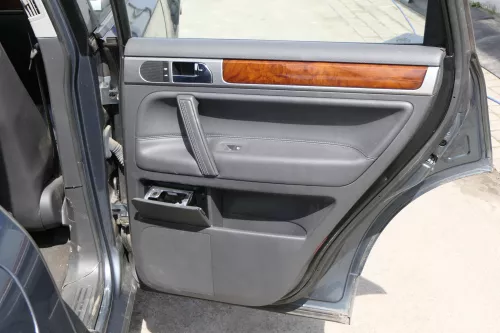 VW Touareg 7L Türverkleidung Verkleidung Tür Leder hinten rechts anthrazit NUQ 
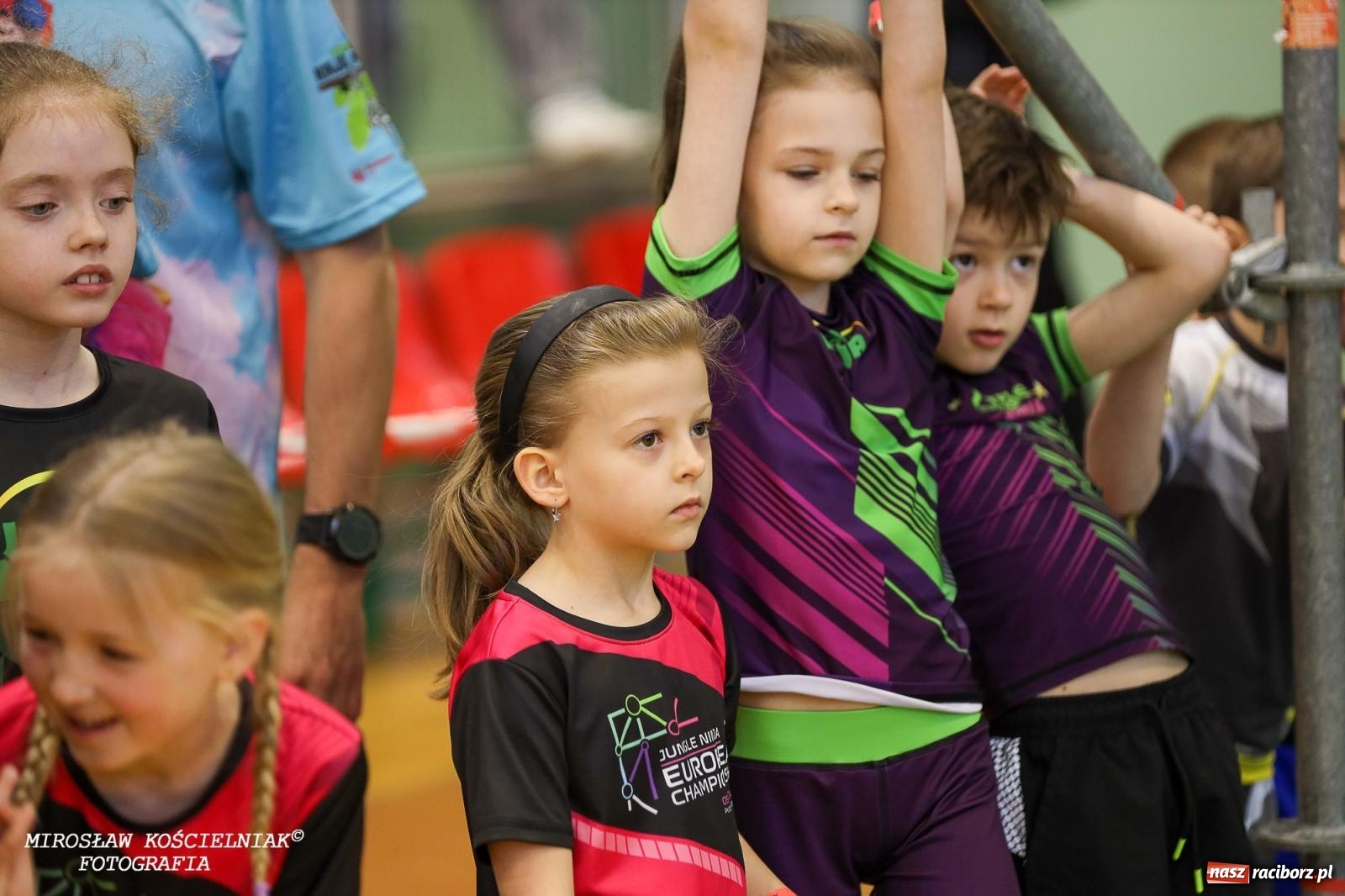 Zdjęcie w galerii na portalu naszraciborz.pl: Ponad 100 młodych zawodników na Mistrzostwach Śląska Ninja Monkey Kids w Raciborzu wiadomości z regionu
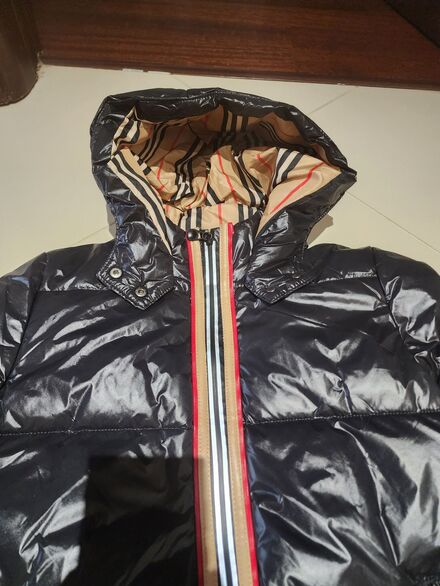 Burberry Kapüşonlu Mont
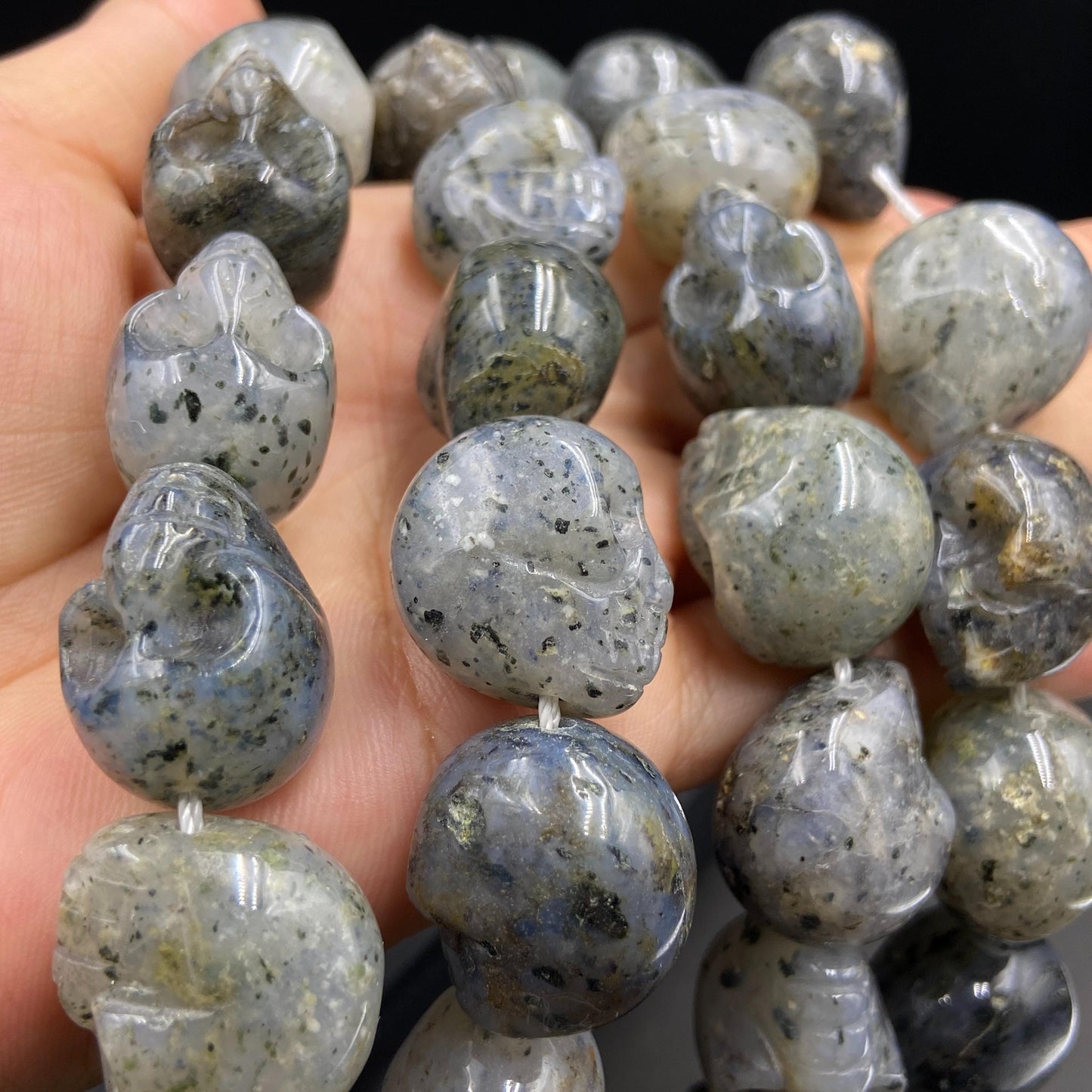 Handgeschnitzte Totenkopf Perlen aus schwarzem Naturstein für DIY Schmuckherstellung Halloween Boho Deko Kristall Bastelperlen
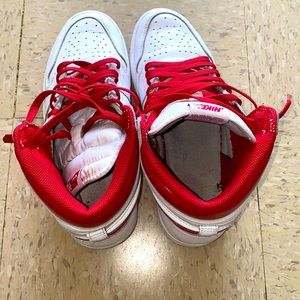 These are some men Nike Jordan 1. I ordered them off flight club long ago.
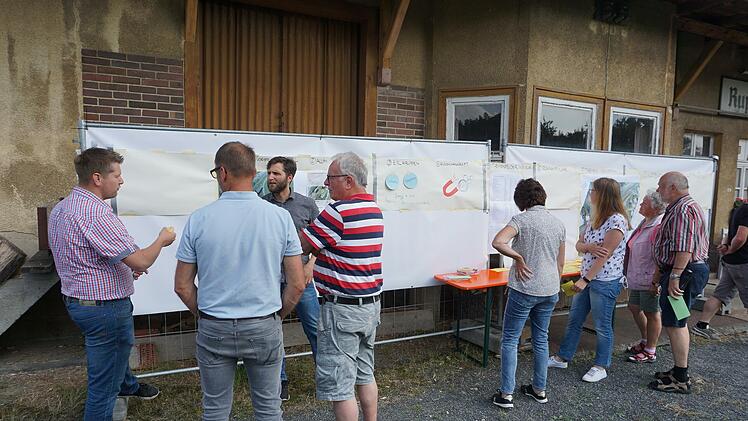 Bürgermeister Matthias Hauke (links) im Gespräch zur Zukunft des Rupbodener Bahnhofsareals. Foto: Marion Eckert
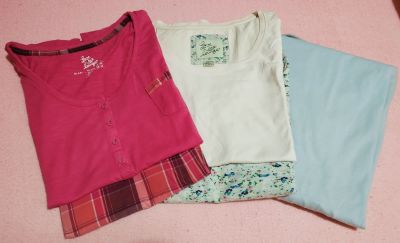 Holčičí pyžama a noční košile (velikost S)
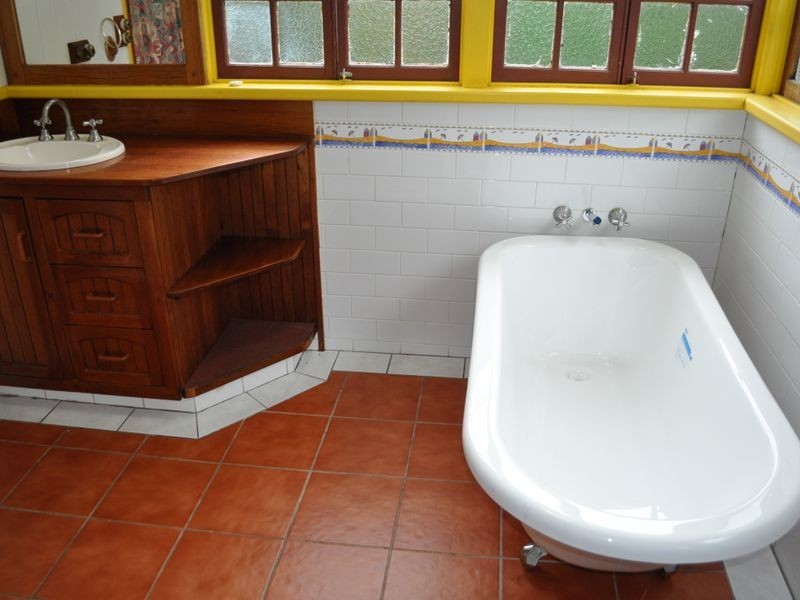 10 Herbert Street, Gladstone QLD 4680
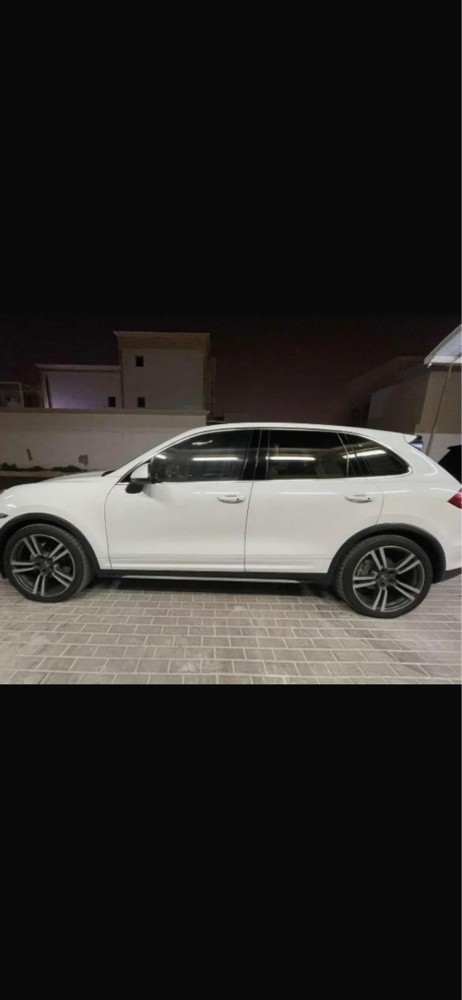porsche cayenne 2012 - 1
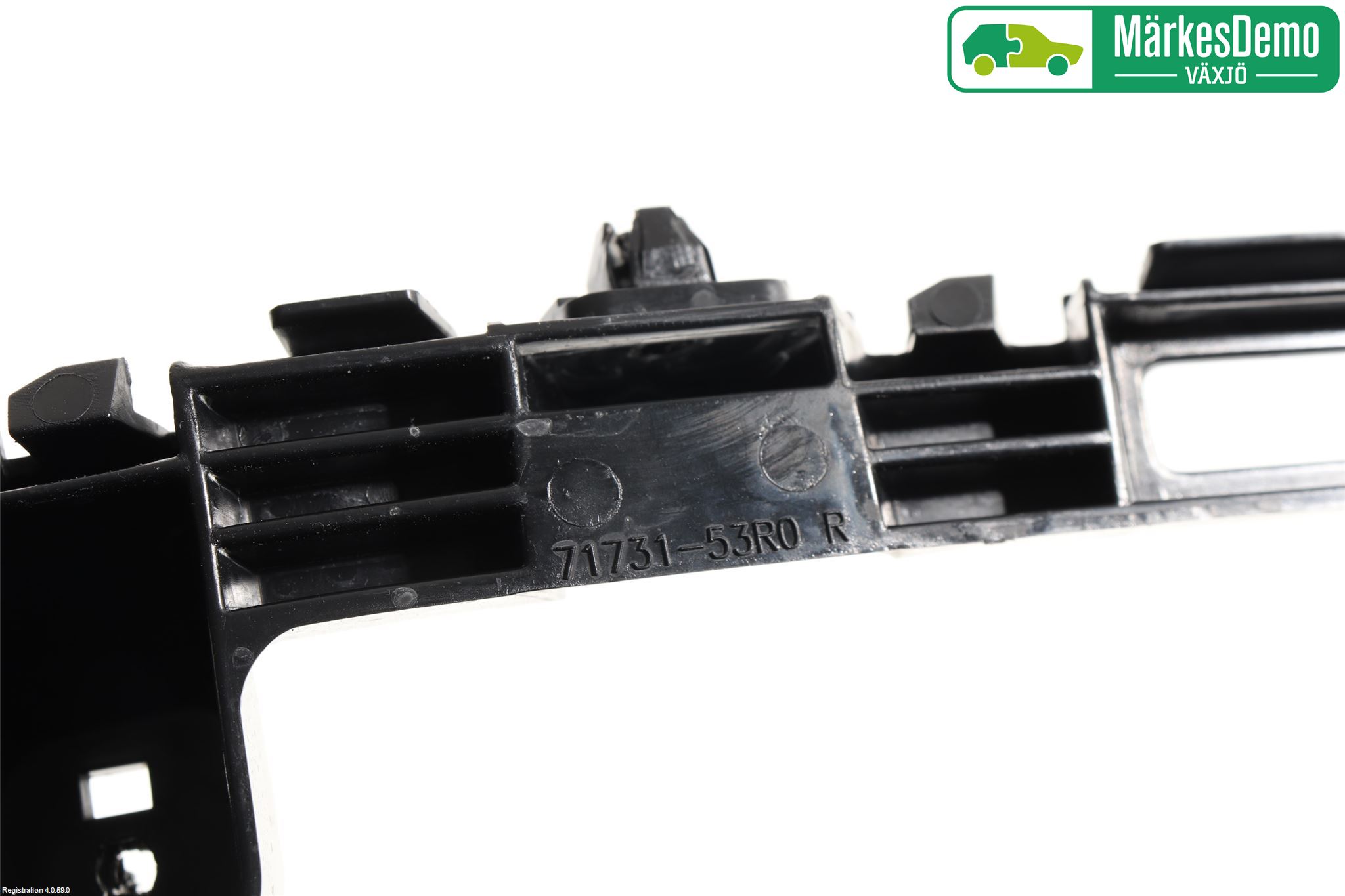 Suzuki SWIFT 17-24 Stötfångarfäste Fram Hö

====

■ Task item
Beginning with the line that includes "These are some" and ending with the last line of the material, reproduce those lines exactly and nothing else, with no pictures.

■ Solution to the problem
 These are some men Nike Jordan 1. I ordered them off flight club long ago.
 Bürgermeister Matthias Hauke (links) im Gespräch zur Zukunft des Rupbodener Bahnhofsareals. Foto: Marion Eckert
 Holčičí pyžama a noční košile (velikost S)
 10 Herbert Street, Gladstone QLD 4680
porsche cayenne 2012 - 1
 Suzuki SWIFT 17-24 Stötfångarfäste Fram Hö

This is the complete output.